Data provided =>

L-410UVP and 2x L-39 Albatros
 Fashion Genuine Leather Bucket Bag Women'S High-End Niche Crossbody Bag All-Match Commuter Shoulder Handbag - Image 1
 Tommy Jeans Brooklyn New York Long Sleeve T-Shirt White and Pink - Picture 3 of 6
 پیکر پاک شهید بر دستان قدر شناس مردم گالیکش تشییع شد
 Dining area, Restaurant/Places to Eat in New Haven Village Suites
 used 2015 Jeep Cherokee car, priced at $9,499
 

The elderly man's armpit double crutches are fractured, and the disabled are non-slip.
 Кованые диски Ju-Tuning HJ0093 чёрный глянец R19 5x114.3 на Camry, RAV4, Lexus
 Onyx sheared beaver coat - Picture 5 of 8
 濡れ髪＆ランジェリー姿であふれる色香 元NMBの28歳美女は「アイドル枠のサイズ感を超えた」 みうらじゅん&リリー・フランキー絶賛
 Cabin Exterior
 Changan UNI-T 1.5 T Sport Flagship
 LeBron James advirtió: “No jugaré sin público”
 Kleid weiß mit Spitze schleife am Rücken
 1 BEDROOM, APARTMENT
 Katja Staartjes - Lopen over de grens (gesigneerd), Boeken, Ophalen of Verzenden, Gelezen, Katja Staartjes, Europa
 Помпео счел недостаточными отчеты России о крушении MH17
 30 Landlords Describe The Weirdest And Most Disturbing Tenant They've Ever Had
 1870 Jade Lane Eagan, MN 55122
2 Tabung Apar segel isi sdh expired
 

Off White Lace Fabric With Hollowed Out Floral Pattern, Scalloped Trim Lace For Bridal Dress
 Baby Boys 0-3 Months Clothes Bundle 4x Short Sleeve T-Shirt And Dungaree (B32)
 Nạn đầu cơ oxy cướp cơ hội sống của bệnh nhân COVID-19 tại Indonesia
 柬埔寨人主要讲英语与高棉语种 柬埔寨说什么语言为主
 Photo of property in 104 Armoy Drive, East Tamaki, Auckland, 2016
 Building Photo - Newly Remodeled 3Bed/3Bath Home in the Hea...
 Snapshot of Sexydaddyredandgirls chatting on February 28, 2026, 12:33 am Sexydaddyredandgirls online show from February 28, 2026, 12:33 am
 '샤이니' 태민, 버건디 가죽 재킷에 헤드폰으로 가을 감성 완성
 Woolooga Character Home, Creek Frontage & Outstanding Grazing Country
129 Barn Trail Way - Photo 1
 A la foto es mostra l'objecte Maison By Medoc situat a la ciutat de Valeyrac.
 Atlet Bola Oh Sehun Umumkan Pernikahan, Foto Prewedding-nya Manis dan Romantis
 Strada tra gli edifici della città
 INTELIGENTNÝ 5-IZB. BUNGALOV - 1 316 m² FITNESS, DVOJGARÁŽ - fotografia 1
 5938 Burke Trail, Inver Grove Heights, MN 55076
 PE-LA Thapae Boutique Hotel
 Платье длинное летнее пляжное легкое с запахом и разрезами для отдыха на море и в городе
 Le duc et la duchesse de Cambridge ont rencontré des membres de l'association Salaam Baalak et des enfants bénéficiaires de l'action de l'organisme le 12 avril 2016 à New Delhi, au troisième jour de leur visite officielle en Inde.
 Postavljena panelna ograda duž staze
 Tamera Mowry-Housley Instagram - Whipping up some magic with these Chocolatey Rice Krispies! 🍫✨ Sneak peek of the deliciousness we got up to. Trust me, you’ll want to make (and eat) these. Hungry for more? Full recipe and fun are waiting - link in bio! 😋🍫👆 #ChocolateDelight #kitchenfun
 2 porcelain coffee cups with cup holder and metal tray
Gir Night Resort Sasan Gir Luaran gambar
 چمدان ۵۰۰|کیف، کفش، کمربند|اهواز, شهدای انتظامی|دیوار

About this exercise => Every line of the listing should be reproduced exactly.

Answer below =>
L-410UVP and 2x L-39 Albatros
 Fashion Genuine Leather Bucket Bag Women'S High-End Niche Crossbody Bag All-Match Commuter Shoulder Handbag - Image 1
 Tommy Jeans Brooklyn New York Long Sleeve T-Shirt White and Pink - Picture 3 of 6
 پیکر پاک شهید بر دستان قدر شناس مردم گالیکش تشییع شد
 Dining area, Restaurant/Places to Eat in New Haven Village Suites
 used 2015 Jeep Cherokee car, priced at $9,499
 

The elderly man's armpit double crutches are fractured, and the disabled are non-slip.
 Кованые диски Ju-Tuning HJ0093 чёрный глянец R19 5x114.3 на Camry, RAV4, Lexus
 Onyx sheared beaver coat - Picture 5 of 8
 濡れ髪＆ランジェリー姿であふれる色香 元NMBの28歳美女は「アイドル枠のサイズ感を超えた」 みうらじゅん&リリー・フランキー絶賛
 Cabin Exterior
 Changan UNI-T 1.5 T Sport Flagship
 LeBron James advirtió: “No jugaré sin público”
 Kleid weiß mit Spitze schleife am Rücken
 1 BEDROOM, APARTMENT
 Katja Staartjes - Lopen over de grens (gesigneerd), Boeken, Ophalen of Verzenden, Gelezen, Katja Staartjes, Europa
 Помпео счел недостаточными отчеты России о крушении MH17
 30 Landlords Describe The Weirdest And Most Disturbing Tenant They've Ever Had
 1870 Jade Lane Eagan, MN 55122
2 Tabung Apar segel isi sdh expired
 

Off White Lace Fabric With Hollowed Out Floral Pattern, Scalloped Trim Lace For Bridal Dress
 Baby Boys 0-3 Months Clothes Bundle 4x Short Sleeve T-Shirt And Dungaree (B32)
 Nạn đầu cơ oxy cướp cơ hội sống của bệnh nhân COVID-19 tại Indonesia
 柬埔寨人主要讲英语与高棉语种 柬埔寨说什么语言为主
 Photo of property in 104 Armoy Drive, East Tamaki, Auckland, 2016
 Building Photo - Newly Remodeled 3Bed/3Bath Home in the Hea...
 Snapshot of Sexydaddyredandgirls chatting on February 28, 2026, 12:33 am Sexydaddyredandgirls online show from February 28, 2026, 12:33 am
 '샤이니' 태민, 버건디 가죽 재킷에 헤드폰으로 가을 감성 완성
 Woolooga Character Home, Creek Frontage & Outstanding Grazing Country
129 Barn Trail Way - Photo 1
 A la foto es mostra l'objecte Maison By Medoc situat a la ciutat de Valeyrac.
 Atlet Bola Oh Sehun Umumkan Pernikahan, Foto Prewedding-nya Manis dan Romantis
 Strada tra gli edifici della città
 INTELIGENTNÝ 5-IZB. BUNGALOV - 1 316 m² FITNESS, DVOJGARÁŽ - fotografia 1
 5938 Burke Trail, Inver Grove Heights, MN 55076
 PE-LA Thapae Boutique Hotel
 Платье длинное летнее пляжное легкое с запахом и разрезами для отдыха на море и в городе
 Le duc et la duchesse de Cambridge ont rencontré des membres de l'association Salaam Baalak et des enfants bénéficiaires de l'action de l'organisme le 12 avril 2016 à New Delhi, au troisième jour de leur visite officielle en Inde.
 Postavljena panelna ograda duž staze
 Tamera Mowry-Housley Instagram - Whipping up some magic with these Chocolatey Rice Krispies! 🍫✨ Sneak peek of the deliciousness we got up to. Trust me, you’ll want to make (and eat) these. Hungry for more? Full recipe and fun are waiting - link in bio! 😋🍫👆 #ChocolateDelight #kitchenfun
 2 porcelain coffee cups with cup holder and metal tray
Gir Night Resort Sasan Gir Luaran gambar
 چمدان ۵۰۰|کیف، کفش، کمربند|اهواز, شهدای انتظامی|دیوار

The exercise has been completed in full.